Europäische Union kann Krieg gegen den Irak noch abwenden – Appell an mittelost- und südosteuropäische EU-Beitrittskandidaten- länder
Zur Einberufung eines EU-Sondergipfels durch die griechische Ratspräsidentschaft erklärt die PDS-Europaabgeordnete Dr. Sylvia-Yvonne Kaufmann, Mitglied des Europäischen Konvents:
Die von US-Außenminister Colin Powell im UN-Sicherheitsrat präsentierten „Beweise“, wonach der Irak über ein bedrohliches Arsenal von Massenvernichtungswaffen und über enge Verbindungen zur Terrororganisation Al Quaida verfüge sowie die UNO-Resolution 1441 hintergehe, erwiesen sich erwartungsgemäß als Flop. Sie sind ein durchsichtiges Manöver, um der weltweit, aber auch in den USA mehr und mehr abnehmenden Befürwortung eines Militärschlages gegen den Irak zu begegnen. Die Mehrheit der UN-Sicherheitsratsmitglieder ließ in ersten Stellungnahmen erkennen, dass diese „Beweise“ keinen Krieg rechtfertigten und die Waffeninspektoren ihre Arbeit im Irak fortsetzen sollten.

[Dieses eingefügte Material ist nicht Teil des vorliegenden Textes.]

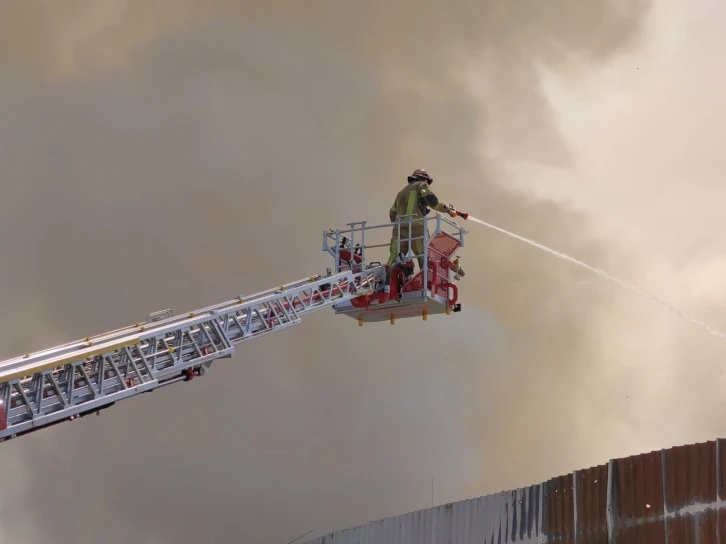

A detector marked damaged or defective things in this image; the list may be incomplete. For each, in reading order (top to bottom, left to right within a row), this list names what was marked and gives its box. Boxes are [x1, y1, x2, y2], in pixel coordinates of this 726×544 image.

rusty metal siding [308, 438, 726, 544]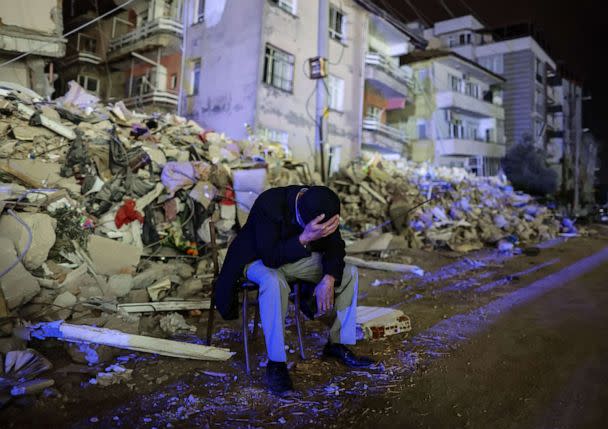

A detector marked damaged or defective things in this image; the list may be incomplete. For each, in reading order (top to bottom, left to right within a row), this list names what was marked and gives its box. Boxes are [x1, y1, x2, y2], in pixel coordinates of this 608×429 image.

broken concrete slab [0, 236, 39, 310]
broken concrete slab [0, 212, 57, 270]
broken concrete slab [86, 234, 142, 274]
broken wooden plank [344, 254, 426, 274]
broken wooden plank [25, 320, 233, 362]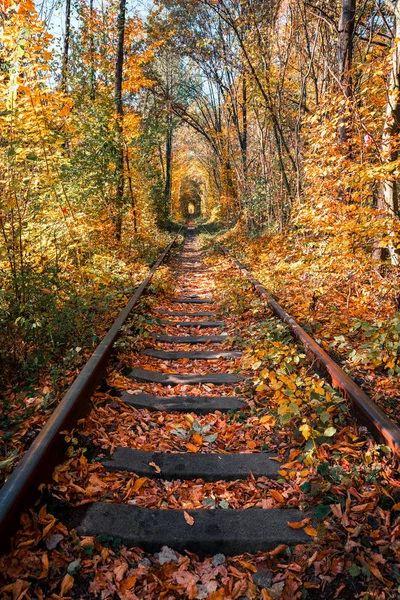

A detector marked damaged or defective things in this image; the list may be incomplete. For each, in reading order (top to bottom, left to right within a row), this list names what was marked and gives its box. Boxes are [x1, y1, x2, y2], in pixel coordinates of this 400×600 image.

rusty railroad track [0, 225, 400, 556]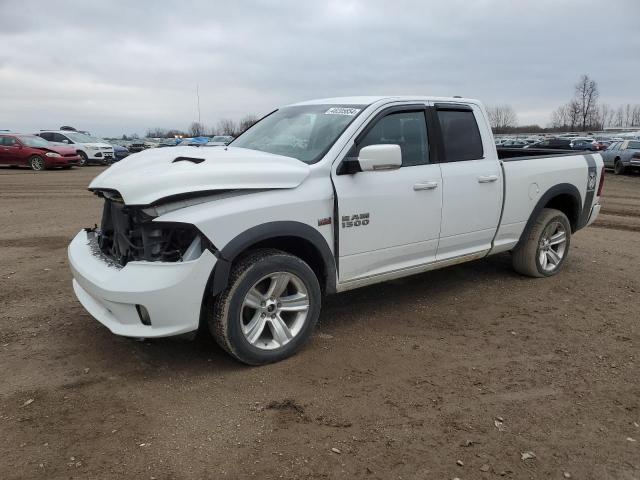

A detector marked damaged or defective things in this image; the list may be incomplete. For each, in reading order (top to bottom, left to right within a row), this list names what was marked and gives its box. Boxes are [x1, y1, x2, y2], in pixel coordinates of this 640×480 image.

damaged front end [89, 190, 212, 266]
crushed front bumper [69, 230, 216, 338]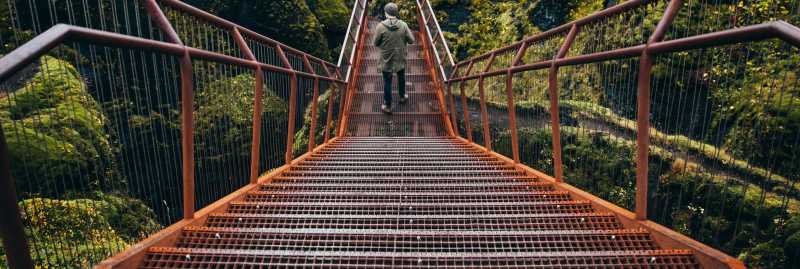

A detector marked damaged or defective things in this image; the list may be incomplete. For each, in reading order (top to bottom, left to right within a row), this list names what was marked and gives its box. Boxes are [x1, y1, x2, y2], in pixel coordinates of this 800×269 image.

rusty metal staircase [136, 18, 700, 266]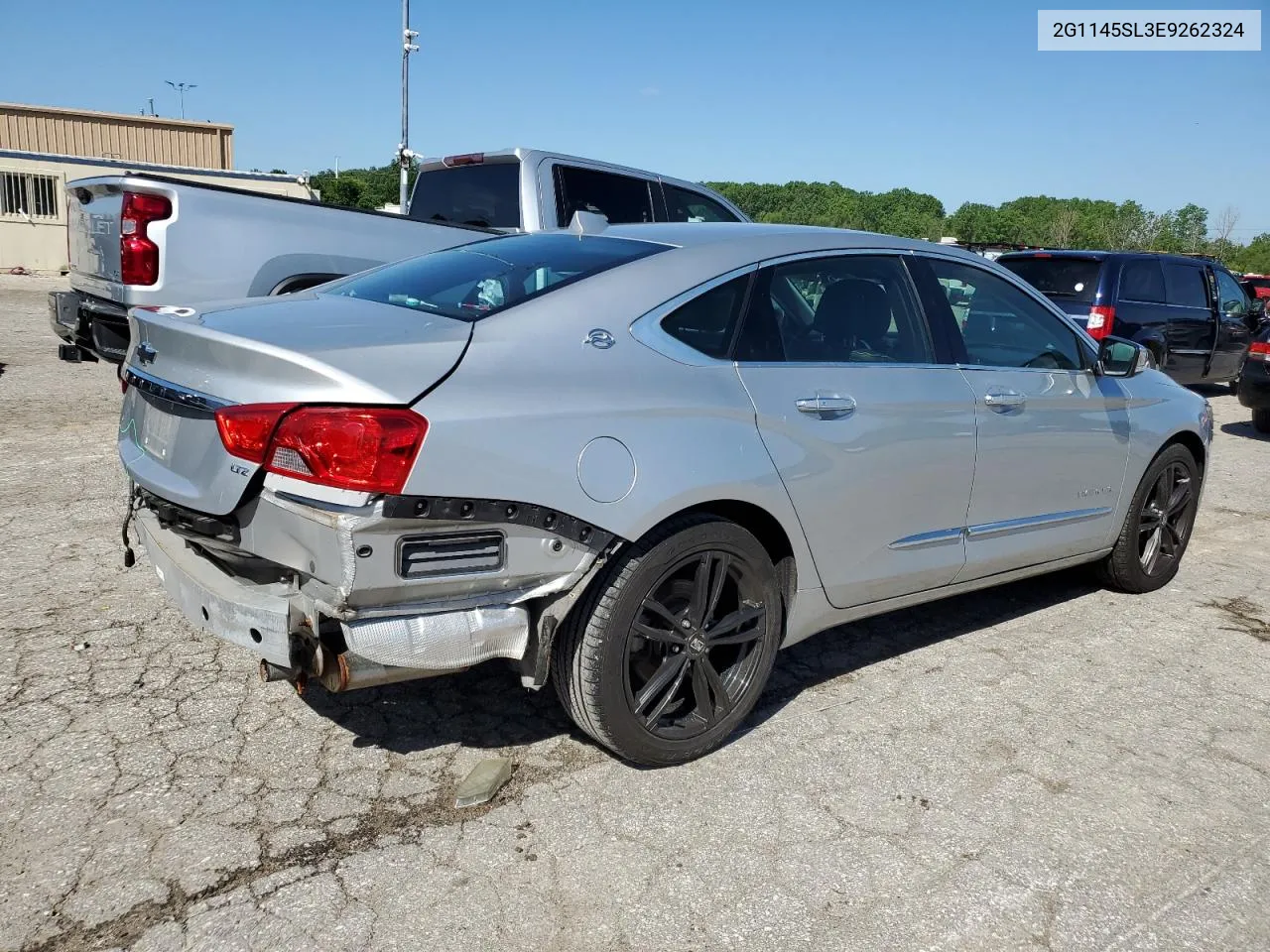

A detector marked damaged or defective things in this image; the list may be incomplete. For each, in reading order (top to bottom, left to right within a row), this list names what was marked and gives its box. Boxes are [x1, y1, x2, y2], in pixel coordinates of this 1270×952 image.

damaged rear bumper [137, 510, 531, 690]
cracked asphalt pavement [0, 271, 1264, 949]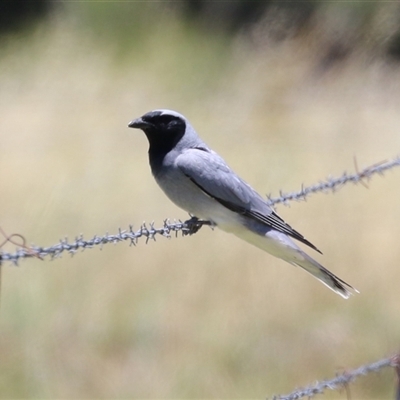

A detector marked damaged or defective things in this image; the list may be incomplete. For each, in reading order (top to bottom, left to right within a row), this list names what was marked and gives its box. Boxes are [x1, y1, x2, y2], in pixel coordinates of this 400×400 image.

Damit erhielt die von Bundeskanzler Gerhard Schröder grundsätzlich vertretene Auffassung, dass „Krieg immer die schlechteste Lösung ist“ und die vom französischen Staatspräsidenten eingenommene Position, dass im Irak „auf dem Gebiet der Abrüstung mit friedlichen Mitteln noch viel zu tun“ sei, Rückendeckung. Jetzt kommt es darauf an, dass sich die Staaten der Europäischen Union sowie die Beitrittskandidatenländer auf dem vom EU-Ratspräsidenten Kostas Simitis vorgeschlagenen EU-Sondergipfel möglichst geschlossen für eine friedliche Beilegung der Irakkrise aussprechen. Dies wäre ein wirksamer Beitrag, um den von den USA beabsichtigten Angriffskrieg gegen den Irak zu verhindern.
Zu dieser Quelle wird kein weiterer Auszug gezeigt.